Coffee-Seq applied to cell-free DNA in urine and plasma.

A) Microbial abundance of 25 most abundant common contaminant genera (selected from the 68 genera[4]) before and after Coffee-seq filtering in plasma and urine from five independent subject cohorts (Tx = transplant). Total abundance of all contaminant genera B) and C. acnes C) before and after Coffee-seq filtering (KUCP = Kidney Transplant cohort with positive urine culture, KUCN = Kidney Transplant cohort with negative urine culture, EPTx = Early Post Transplant cohort). Bray-Curtis dissimilarity index before D) and after E) filtering. Samples are organized by: sequencing batch, researcher performing the experiment, cohort, and biofluid. *** p-value < 0.001

We next evaluated the utility of Coffee-seq to correct for batch effects and to reveal true differences in microbiome profiles for different patient groups.
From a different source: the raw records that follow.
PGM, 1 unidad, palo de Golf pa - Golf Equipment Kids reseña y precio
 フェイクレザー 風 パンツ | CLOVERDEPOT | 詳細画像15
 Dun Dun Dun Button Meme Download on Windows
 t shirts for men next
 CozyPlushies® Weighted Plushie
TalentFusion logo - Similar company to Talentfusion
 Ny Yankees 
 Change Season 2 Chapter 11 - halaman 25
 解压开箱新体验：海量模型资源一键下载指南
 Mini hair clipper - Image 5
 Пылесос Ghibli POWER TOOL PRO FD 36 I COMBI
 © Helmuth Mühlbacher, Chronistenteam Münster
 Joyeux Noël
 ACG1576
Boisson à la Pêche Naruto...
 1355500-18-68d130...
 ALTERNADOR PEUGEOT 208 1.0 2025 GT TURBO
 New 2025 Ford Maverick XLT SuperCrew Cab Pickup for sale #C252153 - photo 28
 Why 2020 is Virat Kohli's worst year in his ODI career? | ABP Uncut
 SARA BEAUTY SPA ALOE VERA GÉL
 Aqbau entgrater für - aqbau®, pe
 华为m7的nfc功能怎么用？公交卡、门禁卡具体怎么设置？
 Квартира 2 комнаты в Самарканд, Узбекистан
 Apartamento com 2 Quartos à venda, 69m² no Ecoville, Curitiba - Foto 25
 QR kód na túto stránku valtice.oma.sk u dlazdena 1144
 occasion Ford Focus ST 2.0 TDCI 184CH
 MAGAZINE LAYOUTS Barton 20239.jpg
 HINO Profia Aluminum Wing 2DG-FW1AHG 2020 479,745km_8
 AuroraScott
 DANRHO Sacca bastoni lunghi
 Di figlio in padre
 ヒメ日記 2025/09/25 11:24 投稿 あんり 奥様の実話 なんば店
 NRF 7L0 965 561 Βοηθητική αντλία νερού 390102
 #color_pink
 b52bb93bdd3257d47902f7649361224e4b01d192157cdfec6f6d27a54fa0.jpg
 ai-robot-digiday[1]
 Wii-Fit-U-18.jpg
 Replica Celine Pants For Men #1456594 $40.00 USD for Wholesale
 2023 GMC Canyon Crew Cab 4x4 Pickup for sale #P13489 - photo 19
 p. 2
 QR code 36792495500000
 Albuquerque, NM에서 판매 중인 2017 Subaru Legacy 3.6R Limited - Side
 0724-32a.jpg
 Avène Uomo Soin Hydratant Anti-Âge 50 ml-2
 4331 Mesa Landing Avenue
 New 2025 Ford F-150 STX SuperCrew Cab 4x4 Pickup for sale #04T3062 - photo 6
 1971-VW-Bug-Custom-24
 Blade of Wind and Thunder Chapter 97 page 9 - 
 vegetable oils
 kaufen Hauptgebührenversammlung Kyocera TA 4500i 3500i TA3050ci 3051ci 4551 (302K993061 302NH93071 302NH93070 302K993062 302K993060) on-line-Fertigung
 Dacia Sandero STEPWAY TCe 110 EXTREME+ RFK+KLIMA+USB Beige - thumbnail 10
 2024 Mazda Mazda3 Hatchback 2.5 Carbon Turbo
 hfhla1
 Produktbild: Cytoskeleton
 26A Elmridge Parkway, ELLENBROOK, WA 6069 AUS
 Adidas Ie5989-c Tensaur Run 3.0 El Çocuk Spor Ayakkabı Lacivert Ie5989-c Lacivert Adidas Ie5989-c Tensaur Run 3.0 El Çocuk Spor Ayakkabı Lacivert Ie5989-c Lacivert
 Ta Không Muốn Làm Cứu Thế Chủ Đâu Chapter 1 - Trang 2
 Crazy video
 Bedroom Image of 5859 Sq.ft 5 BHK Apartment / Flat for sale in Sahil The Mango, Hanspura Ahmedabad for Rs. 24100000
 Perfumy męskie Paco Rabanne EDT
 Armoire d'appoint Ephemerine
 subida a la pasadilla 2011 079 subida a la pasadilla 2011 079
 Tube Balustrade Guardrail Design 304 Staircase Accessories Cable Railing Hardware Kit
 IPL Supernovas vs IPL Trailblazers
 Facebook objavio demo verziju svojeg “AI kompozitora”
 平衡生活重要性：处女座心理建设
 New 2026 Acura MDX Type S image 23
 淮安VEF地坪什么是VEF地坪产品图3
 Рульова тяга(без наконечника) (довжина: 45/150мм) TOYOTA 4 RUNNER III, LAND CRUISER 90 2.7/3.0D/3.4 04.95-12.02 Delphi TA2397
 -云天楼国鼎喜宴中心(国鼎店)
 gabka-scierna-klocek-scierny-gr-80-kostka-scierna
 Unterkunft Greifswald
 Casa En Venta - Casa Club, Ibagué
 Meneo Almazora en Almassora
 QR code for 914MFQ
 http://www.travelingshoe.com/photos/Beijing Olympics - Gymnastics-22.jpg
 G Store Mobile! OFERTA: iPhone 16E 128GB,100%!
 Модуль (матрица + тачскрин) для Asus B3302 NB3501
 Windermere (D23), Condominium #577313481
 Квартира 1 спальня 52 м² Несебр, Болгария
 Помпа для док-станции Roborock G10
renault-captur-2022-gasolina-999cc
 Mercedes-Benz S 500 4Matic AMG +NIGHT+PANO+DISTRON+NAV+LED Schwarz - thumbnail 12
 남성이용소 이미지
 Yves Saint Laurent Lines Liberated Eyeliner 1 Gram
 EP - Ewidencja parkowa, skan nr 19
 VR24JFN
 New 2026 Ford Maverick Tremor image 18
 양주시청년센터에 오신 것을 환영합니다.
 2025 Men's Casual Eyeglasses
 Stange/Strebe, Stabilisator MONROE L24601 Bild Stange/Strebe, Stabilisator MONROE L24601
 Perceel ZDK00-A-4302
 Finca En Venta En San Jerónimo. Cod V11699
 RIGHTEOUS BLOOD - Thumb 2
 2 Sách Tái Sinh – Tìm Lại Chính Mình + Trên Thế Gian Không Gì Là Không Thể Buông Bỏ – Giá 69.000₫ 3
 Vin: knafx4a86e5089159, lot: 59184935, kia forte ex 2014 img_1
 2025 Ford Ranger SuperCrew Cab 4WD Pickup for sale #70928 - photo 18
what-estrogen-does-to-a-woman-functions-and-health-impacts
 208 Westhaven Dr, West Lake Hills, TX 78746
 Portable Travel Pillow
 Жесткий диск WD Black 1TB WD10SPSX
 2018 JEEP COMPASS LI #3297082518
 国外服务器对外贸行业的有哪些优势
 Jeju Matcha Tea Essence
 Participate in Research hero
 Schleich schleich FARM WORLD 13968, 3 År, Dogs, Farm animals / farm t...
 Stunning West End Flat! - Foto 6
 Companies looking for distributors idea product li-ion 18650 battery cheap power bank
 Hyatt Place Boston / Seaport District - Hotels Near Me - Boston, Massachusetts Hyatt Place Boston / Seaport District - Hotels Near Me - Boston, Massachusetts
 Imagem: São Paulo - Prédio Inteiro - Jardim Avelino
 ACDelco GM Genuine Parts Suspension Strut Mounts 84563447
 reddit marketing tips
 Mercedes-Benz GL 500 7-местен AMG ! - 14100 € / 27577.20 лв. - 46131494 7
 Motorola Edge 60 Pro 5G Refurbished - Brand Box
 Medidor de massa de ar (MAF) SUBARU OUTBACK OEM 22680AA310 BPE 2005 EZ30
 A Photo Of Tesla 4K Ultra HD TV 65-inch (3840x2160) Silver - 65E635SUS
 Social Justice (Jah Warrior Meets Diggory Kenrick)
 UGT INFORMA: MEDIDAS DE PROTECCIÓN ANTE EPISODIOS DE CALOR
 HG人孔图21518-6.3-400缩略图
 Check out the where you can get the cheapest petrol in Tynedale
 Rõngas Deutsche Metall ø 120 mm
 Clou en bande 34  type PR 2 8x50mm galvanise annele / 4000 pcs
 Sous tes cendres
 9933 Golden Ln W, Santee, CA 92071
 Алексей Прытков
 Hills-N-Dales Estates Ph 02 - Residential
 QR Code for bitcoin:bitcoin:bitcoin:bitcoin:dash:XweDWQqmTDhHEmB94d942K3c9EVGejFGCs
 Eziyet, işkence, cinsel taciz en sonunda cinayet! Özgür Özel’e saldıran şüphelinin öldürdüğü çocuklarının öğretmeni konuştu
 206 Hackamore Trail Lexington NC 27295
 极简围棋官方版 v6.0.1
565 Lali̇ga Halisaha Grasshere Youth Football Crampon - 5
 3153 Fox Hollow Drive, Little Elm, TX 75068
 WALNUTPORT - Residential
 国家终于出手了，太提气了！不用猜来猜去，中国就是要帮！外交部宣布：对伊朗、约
To this end, we calculated the Bray-Curtis Dissimilarity Index for all clinical samples included in this study and sorted the datasets based on the following parameters: 1) sequencing run, 2) operator, 3) urine culture test, 4) study cohort, and 5) biofluid type. Before Coffee-seq filtering, we observed a high similarity for samples assayed in the same experimental batches (Fig. 2D). Coffee-seq filtering removed these batch effects and revealed distinct cohort-specific microbiome profiles. Most notably, we observed distinct plasma microbiome profiles for plasma samples from the Uganda cohort (Fig. 2E). These results demonstrate that Coffee-seq directly applied to biofluids leads to a dramatic decrease in experimental noise and bias due to DNA contamination.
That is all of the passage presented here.